Ive been staring at this white box for about ten minutes, trying to figure out what i want to write and how to put it. Then i figured that i would just start typing and see where it takes me. I got home from the dance concert about an hour ago. I had a good time tonight for the most part. being with some awesome people (nunemacher, greg, malo) made the night worth it. i never got to spend time with those boys and now i spent a week with them and im glad i did. tonight while cleaning up the scene shop i started thinking about how tonight was filled with alot of "lasts". Like how tonight was the last time i would go out and bow on that stage until next year. Or how it was the last time i would ever get to work with greg and malo before they graduate. How tonight was the last time i would be in that wonderful scene shop that has become a home to me, untill next year. How tonight was the last time i would take something apart that i helped build untill next year. Im missing out on the last 5 weeks of my sophmore year. All the memories and everything, but mostly the time. Im going to miss that place so much. But it will be there next year.
I really hope andrew goes to just desserts tomorrow, becuase it will be the last time i see him before my surgery. I know he is going to come visit me, tedy already talked to him about it, but i want to see him tomorrow. To get that one last hug, and to talk to him alittle.
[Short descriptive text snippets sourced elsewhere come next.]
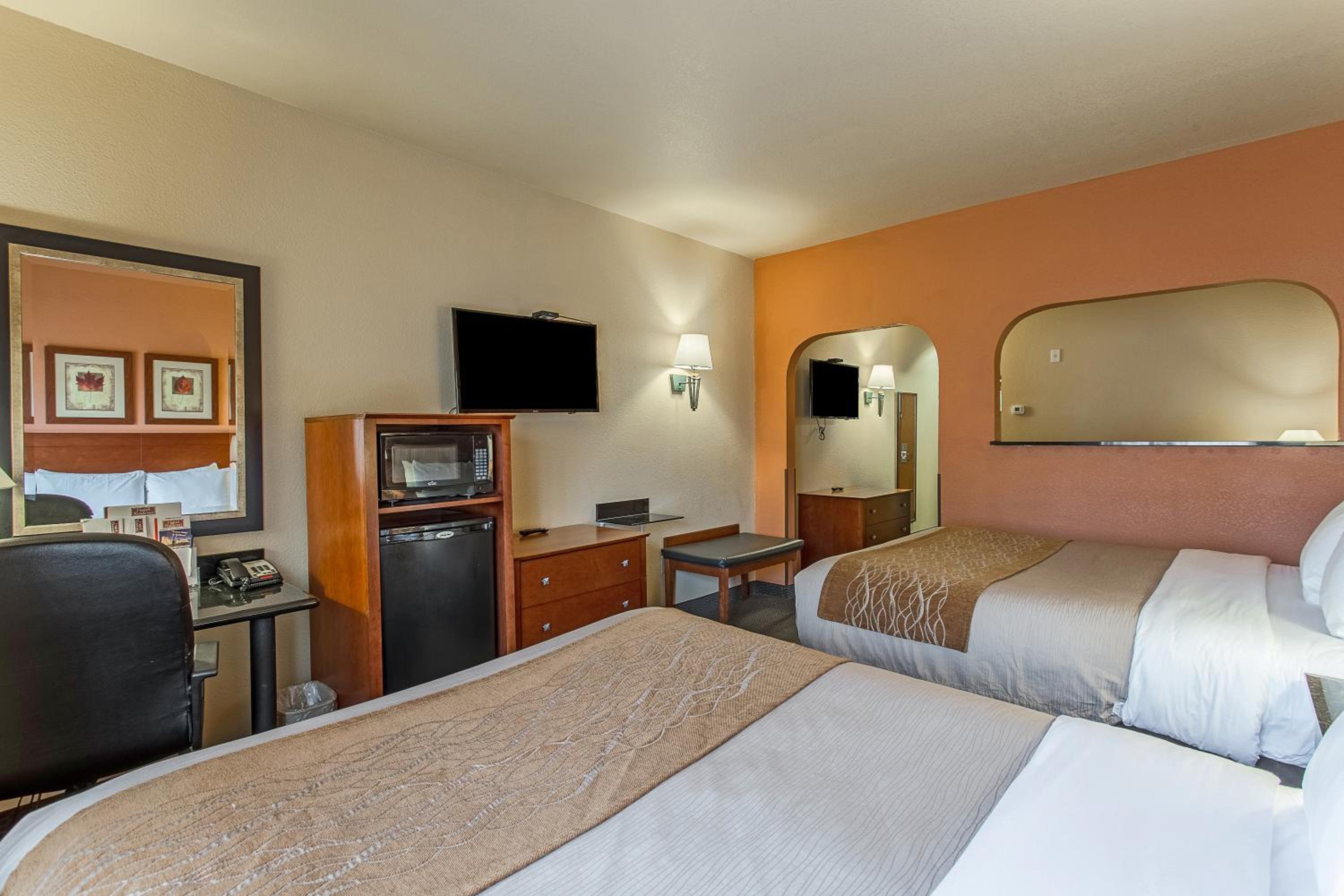 Queen Room with Two Queen Beds - Photo 2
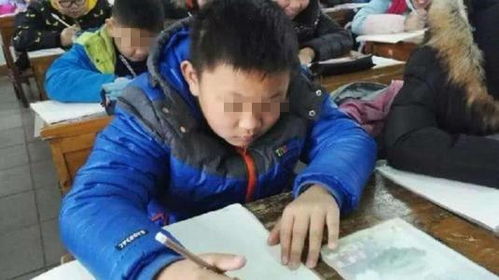 老师拎小学生悬空探出3楼窗外，谁来守护孩子的童年？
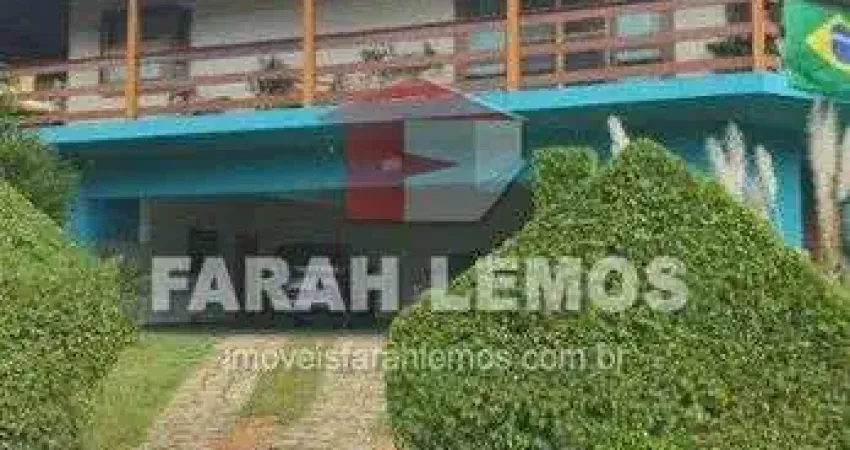 Excelente casa em condomínio 24 horas. com uma única portaria!!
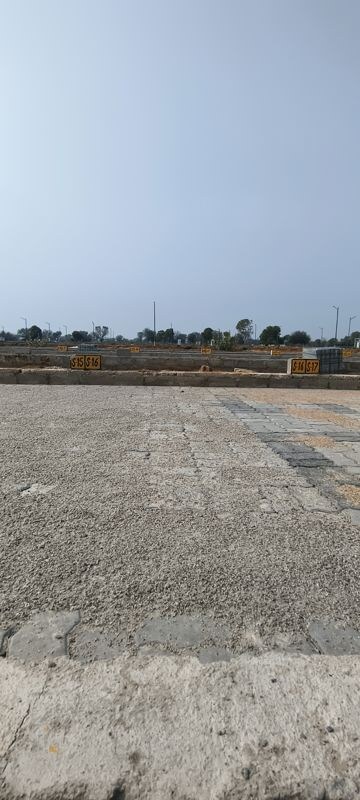  Shop For Sale in Kapoorawala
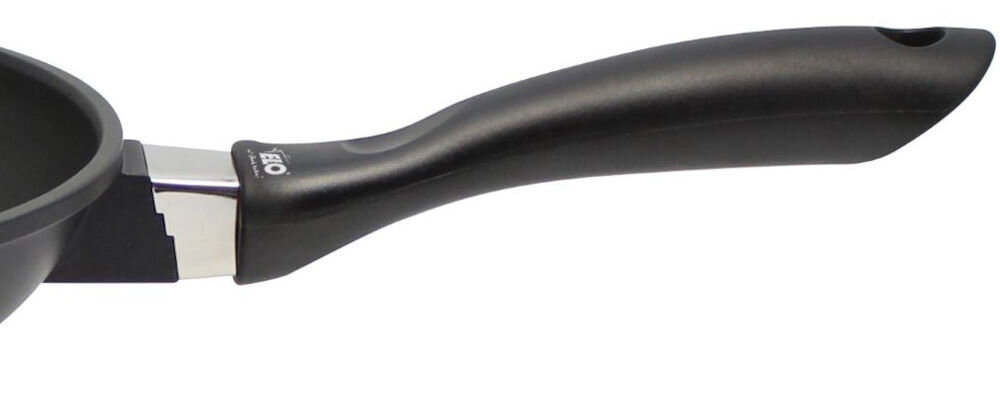 Patelnia wok ELO Alucast 9151826 28 cm zbliżenie na uchwyt czarny kolor srebrny detal białe tło uniwersalność na każdej kuchence gazowej, indukcyjnej, ceramicznej i elektrycznej żaroodporny uchwyt średnica 28 cm Ergonomiczny kształt uchwytu pewny chwyt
Just Desserts is tomorrow, im glad i get to go, but its going to be hard for me. Becuase its so hard for me to say goodbye to people. I know its not really goodbye, becuase im sure by the end of next week i will have seen quite a few of them, its hard for me to have to end my year with these people. Hell im practically crying right now just thinking about it. I dont want it to be over. I want to be there, To be there to watch Matthew, Elizabeth, Andrew, Greg, Joey and everyone else take their last bow, and watch the last show they are ever in at mountain pointe. I want to watch the last improv show of the year. I want to go to the ellies. I want, I want, I want, But yet none of this i will have.I wont get to spend anymore late nights at crew. I wont get to drive around with rob and talk, and anyone else who joins us. I wont get to cause trouble, and draw chalk pictures on matt and robs driveways anymore, i wont get to write on the boys car windows with markers anymore. All of that is put on hold untill this summer. But i dont want it to be.
Im going to end this post here for tonight, there is alot more i wanted to write, but i can hardly see the keys or the screen. I hate being like this, i hate being afraid and sad and weak. I hate this so much.